Oh no, I thought as he stormed off. I will never see him smile at me ever again.
It’s cold in the desert at night. I keep returning here, not far from where I got my surgery, because it is a comfort. It feels like its own planet too, rule-less and coolly silent. I throw open the back hatch of the RV and curl up on my mattress and stare out at the expanse. My shivers fortify me, and I’m comforted by enormity of the big bowl of dust all around. If the sky were clear I could almost watch the trail of travelers heading up to his base. But the sky is never clear anymore. It’s always cloudy, burnt cheese orange, a lattice of rubble and rust.
I took T. Then I got laser, to get rid of the faint hints of beard. Then I gave up and it grew back thicker. I stuffed my bra with rubber chicken cutlets. I leaned over the counter and stuck my ass out at him as provocatively and femininely as I could. I tried to walk the tightrope of him loving me and me loving me. Now I am myself, but I can’t say I love me yet. I loved him for too long. It’s ruined me the way he and the tabloids think the hormones ruined me. I will forever feel his eyes when I look in the mirror, and I’ll always hear the screams of his fans when I open my door.

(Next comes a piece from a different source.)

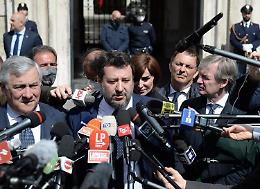Crisi di governo, centrodestra a Palazzo Chigi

I’ve given nearly all my money away. My ex’s enemies celebrate me for that. They figure he must have done something horrible and that I’m sticking it to him by donating so much to causes he’d loathe. But the truth is, I know what’s coming, so I know I won’t be needing it.
When I drive out to the desert I share some of what I have with a queer squat that’s set up out there. They have their own little illegal clinic, where anybody can wander up for free hormones, blockers, packers, gaffs, and binders. My stockpile is large so I hand out what I can. Even having given billions away, I am their richest friend.
There’s a woman in a shed here who will cut your hair if you smoke her out or bring painkillers for her leg. She buzzed my head the day the divorce finalized, ashes from her cigarette snowing into my scalp. I cradled a Gatorade of moonshine and we talked about our favorite novels. He loved all the Hugo and Nebula winners but all I ever read was old, frayed books about consumptive Victorian boys. I drank deep and my vision went milky.
The next afternoon, I woke up in the dirt with the worst headache. A man’s name was written in the dust. My name. I’d just figured it out. I turned on my phone to text him, to tell him, and I learned he’d already disembarked for the stars.
The sky is burning every night. It never gets dark. I can never look up and see the planet he fled to. The air out here is cold but it stings like fiberglass going down. You can eat as much produce as you can afford (which is not much) but it never feels like you’re swallowing anything. The body knows somehow. Most evenings, I sit on a stone bench outside the shed and eat cold lentils. It’s all come full circle. This is not far from how I lived at a social worker. He’d laugh if he could look at me without scowling.
We’re not going to last long down here. And I suspect he won’t last very long either. I’ve seen the models. So had he. We all know where this is headed. But I’m going to live out the remaining years as myself.